Having a mechanical guidance system like this feels like it takes the mental understanding aspects out of the equation and reduces instrument learning to a physical process instead of a musical one. The article says that the subjects “learned how hard to hit the drum 18% more accurately than when they tried to mimic a rhythm after just hearing it.” If you treat it like a physical process only, you’re surely more likely to get instant gratification statistics of that nature, but why would we ever want to train a musician to not listen? How many problems do we have already with virtuoso instrumentalists who may be technically amazing but don’t know how to blend with the ensemble or stay in time or move out of time with an ensemble?

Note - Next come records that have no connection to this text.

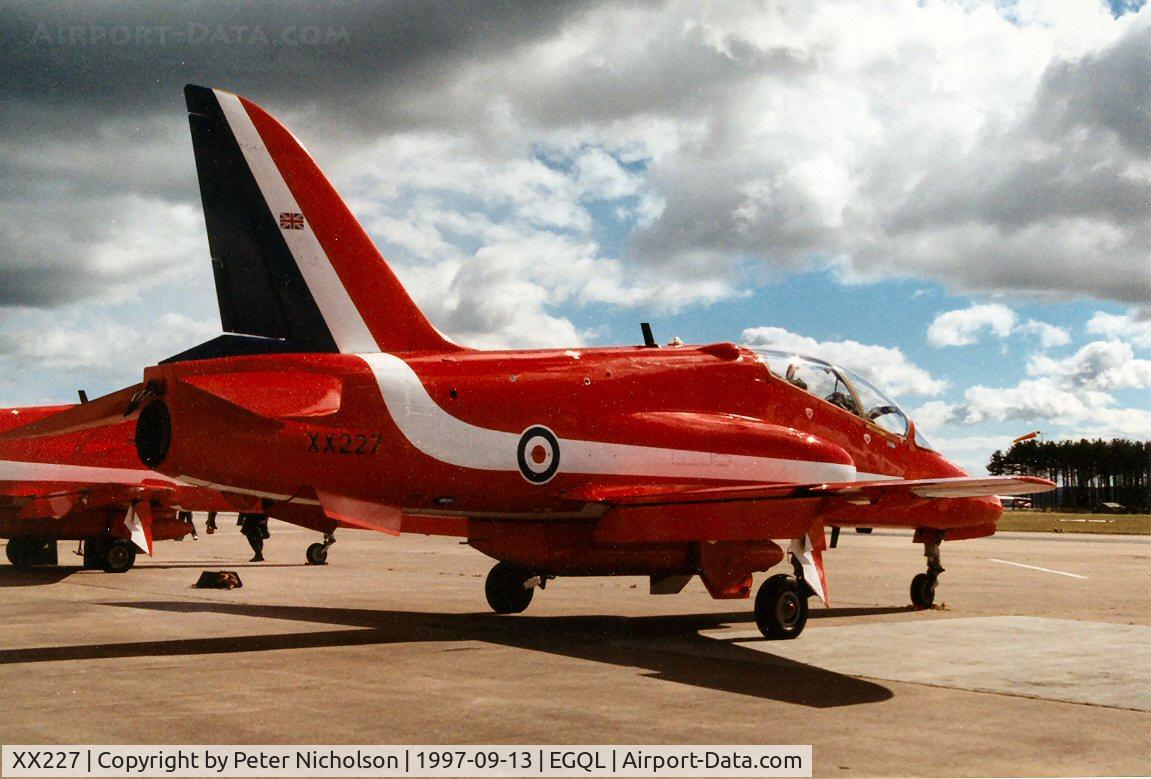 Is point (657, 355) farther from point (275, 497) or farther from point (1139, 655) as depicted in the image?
point (1139, 655)

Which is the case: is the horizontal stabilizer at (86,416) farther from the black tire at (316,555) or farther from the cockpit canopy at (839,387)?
the black tire at (316,555)

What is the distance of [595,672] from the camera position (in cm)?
952

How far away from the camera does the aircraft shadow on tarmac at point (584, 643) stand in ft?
29.5

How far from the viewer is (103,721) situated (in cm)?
703

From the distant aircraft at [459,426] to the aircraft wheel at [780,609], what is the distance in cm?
2

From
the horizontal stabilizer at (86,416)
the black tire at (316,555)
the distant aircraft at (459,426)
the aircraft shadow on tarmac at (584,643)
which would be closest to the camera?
the aircraft shadow on tarmac at (584,643)

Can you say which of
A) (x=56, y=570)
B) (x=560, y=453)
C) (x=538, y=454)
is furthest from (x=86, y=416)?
(x=56, y=570)

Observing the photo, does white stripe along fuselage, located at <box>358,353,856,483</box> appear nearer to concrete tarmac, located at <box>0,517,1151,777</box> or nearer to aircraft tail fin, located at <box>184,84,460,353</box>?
aircraft tail fin, located at <box>184,84,460,353</box>

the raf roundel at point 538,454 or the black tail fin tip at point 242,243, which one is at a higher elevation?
the black tail fin tip at point 242,243

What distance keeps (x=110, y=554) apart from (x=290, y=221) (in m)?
13.0

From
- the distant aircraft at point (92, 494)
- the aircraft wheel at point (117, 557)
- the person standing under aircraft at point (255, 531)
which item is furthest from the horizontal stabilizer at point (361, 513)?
the person standing under aircraft at point (255, 531)

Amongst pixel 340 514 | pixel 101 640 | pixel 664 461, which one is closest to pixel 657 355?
pixel 664 461

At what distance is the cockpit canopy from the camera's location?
14.1 meters

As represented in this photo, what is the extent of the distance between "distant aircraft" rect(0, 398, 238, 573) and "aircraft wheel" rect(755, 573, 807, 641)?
499 inches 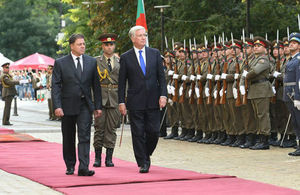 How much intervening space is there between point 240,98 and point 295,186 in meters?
6.33

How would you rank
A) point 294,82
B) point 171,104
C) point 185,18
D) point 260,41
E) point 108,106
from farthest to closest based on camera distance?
point 185,18, point 171,104, point 260,41, point 294,82, point 108,106

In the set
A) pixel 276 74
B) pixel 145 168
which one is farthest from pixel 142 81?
pixel 276 74

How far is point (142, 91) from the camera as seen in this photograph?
1161 centimetres

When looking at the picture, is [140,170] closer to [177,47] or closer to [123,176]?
[123,176]

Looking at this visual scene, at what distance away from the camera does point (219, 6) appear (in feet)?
108

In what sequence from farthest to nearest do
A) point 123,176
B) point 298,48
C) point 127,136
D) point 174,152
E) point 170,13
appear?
point 170,13 → point 127,136 → point 174,152 → point 298,48 → point 123,176

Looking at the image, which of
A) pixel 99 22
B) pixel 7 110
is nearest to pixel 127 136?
pixel 7 110

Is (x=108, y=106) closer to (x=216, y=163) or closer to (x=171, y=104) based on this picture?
(x=216, y=163)

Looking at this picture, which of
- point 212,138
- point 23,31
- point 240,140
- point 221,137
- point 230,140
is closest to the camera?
point 240,140

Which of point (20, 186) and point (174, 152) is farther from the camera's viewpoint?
point (174, 152)

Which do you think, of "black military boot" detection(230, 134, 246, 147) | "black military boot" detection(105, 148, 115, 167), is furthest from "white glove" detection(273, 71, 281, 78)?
"black military boot" detection(105, 148, 115, 167)

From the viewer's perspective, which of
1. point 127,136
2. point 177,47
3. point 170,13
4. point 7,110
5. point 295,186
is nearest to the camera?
point 295,186

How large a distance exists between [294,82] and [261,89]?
4.10 feet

How many of those who could hit the drum 18% more accurately will become better musicians than those that didn’t? How many could be potentially worse?
Some might argue that a tool like this can at least be used as a source of guidance for those that are struggling, but i think that the pedagogical approach needs to be consistent with what ultimately creates the ideal musician. Yes, there are people who have gaps in their physical technique, but a tool like this seems like it’s a) a cheap and easy shortcut that doesn’t create cognitive retention of the concepts, b) assuming there is only one technique or that that technique cannot waver, and/or c) promoting the notion that understanding the physical aspects of sound creation supercedes the need to learn how to listen.
ultimately i think it stifles the creativity of the performers and what sense of individualism they can bring to a piece of music. if i wanted to hear a technically perfect and literal rendition of a piece of music designed to be played by a live acoustic performer, i’d stick the music into my MIDI sequencer and call it good. i find that the use of this sort of technology in music is far more valuable in other paradigms, such as the silly but awesome Tsukuba Series. If that’s not a good use of music technology, i don’t know what is.